There is no separating the Olympic Games from politics, no separating the glorious athletic competition that will take place this summer in Beijing from what's happening in Tibet right now.
As much as some might like to pretend, as much as they'd prefer to fall back on fuzzy 19th-century ideals, the Games and the here-and-now are inextricably linked.
The Olympics don't take place in a world of forms, in a world apart. National flags are flown, anthems are played, medals are tallied by country, so the propaganda opportunities are legion. Governments pump money into Olympic sports in large part to bask in feel-good, patriotic moments.
(Including us. In Canada, the push is called Own The Podium, a federal initiative designed to make us winners in Vancouver/Whistler in 2010.)
Elected and unelected leaders also invest massive amounts and compete tooth and nail for the privilege of staging the great spectacle, knowing its value as image enhancer. Every modern Games has been used to showcase a country a political and/or economic system and by extension to sprinkle a bit of glory on those in power.
So politics provides much of the fuel for the Olympic engine. Under the current setup, with the massive amounts of public money required, you can't have it any other way.
The International Olympic Committee could change all of that tomorrow, it could ban all of the national symbols in the same way it bans the corporate icons of those who decline to pay the going rate, thus insulating the Games from overt political opportunism.
But the crowd in Lausanne have never even suggested such a thing, understanding all too well where their bread is buttered and understanding, as well, that with the enormous payoff come risks.
Every once in a while, someone will use the global stage provided by the Olympics to make an uncomfortable political statement, whether through raised, gloved fists and lowered heads; through boycott; through the murder of innocent athletes and coaches.
And invariably, the host of the Games will wind up being some rather unsavoury characters, countries desperate to burnish their global reputation by association with the five rings, by being blessed with the Olympic imprimatur and its implicit higher calling, by providing a stage for all of those pure, fresh-faced athletes.
The full possibilities of the Olympic platform might not have been apparent until 1936, but since then, everyone has understood just what you can do with all of that pomp, circumstance and a really good filmmaker at your disposal.
The IOC has argued the Games themselves can help to open up formerly oppressive regimes, with the attention of the world and the presence of a huge, active press contingent paving the way for change.
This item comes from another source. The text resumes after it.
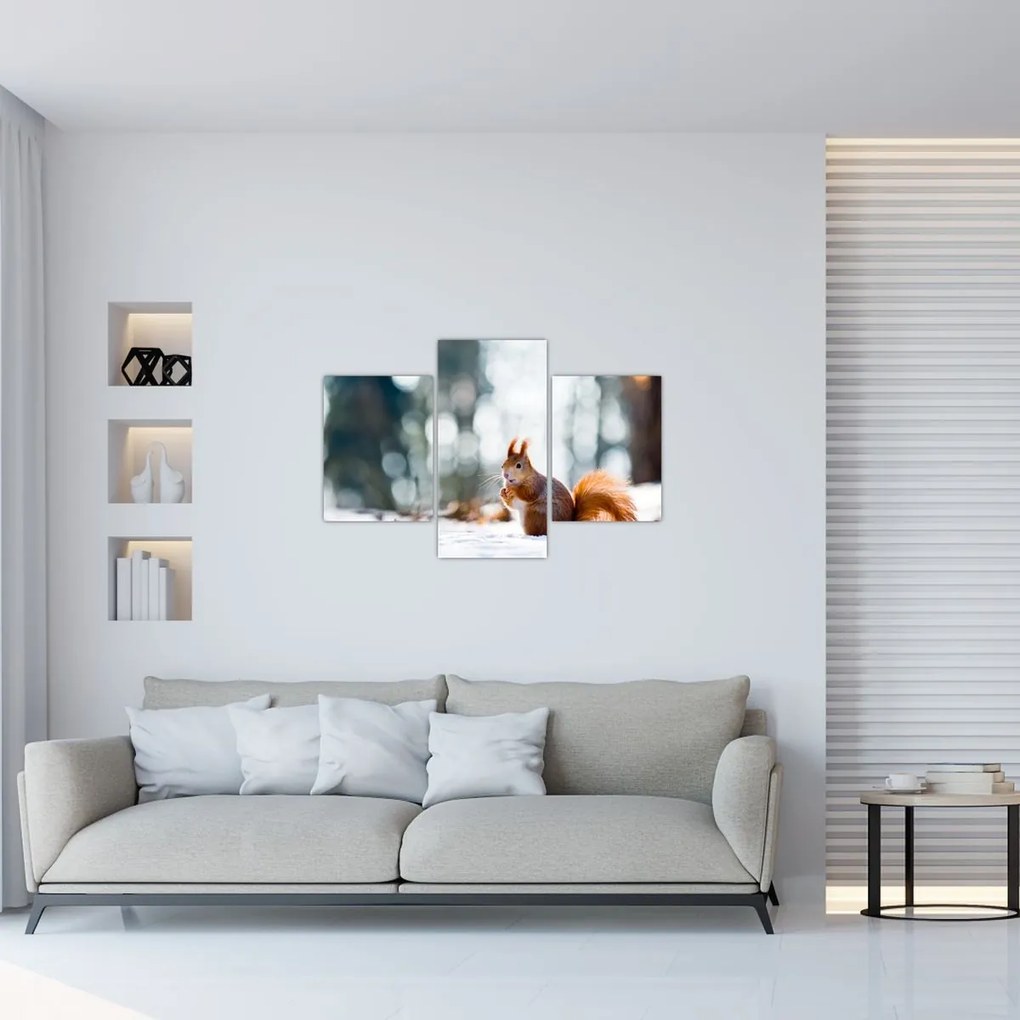 Tablou - Veveriță (90x60 cm)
Perhaps in some cases it's true, with South Korea providing the best example.
What they don't talk about quite so much is how the messy business of democracy can make staging the Olympics much more difficult, how public dissent and fiscal responsibility can make it much tougher to put on a spectacular show. When dealing with totalitarian regimes, which the IOC historically has been more than happy to do, there are no worries about governments falling over soaring budgets, about embarrassing protests, about law and order in the Olympic city, about the buses running on time.
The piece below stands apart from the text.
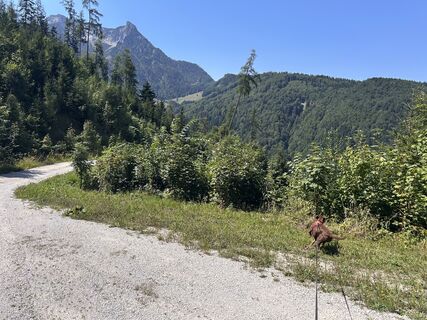 Fotografija s spletne strani Car Wanderfreude na poti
When China began throwing its considerable resources at securing a Summer Games, everyone understood that it could stage an Olympics flawlessly. Everyone understood, as well, that human-rights issues could stir a heated debate leading up to the lighting of the torch. (As could, to a lesser degree, China's environmental problems and its athletes' history of doping.) What would have been harder to predict a decade ago was the rest of the world's appetite or lack thereof for protest, for pushing back, in 2008.
The tit-for-tat boycotts of 1980 and 1984 were a byproduct of Cold War posturing. Now, with the ideological lines between us and them less black and white, there doesn't seem to be much chance of governmental action over Tibet. (Yesterday, European sports ministers voted unanimously to reject a Beijing boycott.) The only remaining question is whether the Olympic corporate sponsors will tolerate a little blood on their hands in order to make inroads into the booming Chinese market.
You can guess what the answer might be.
That's not part of Pierre de Coubertin's better world, but of the world in which his brainchild does business.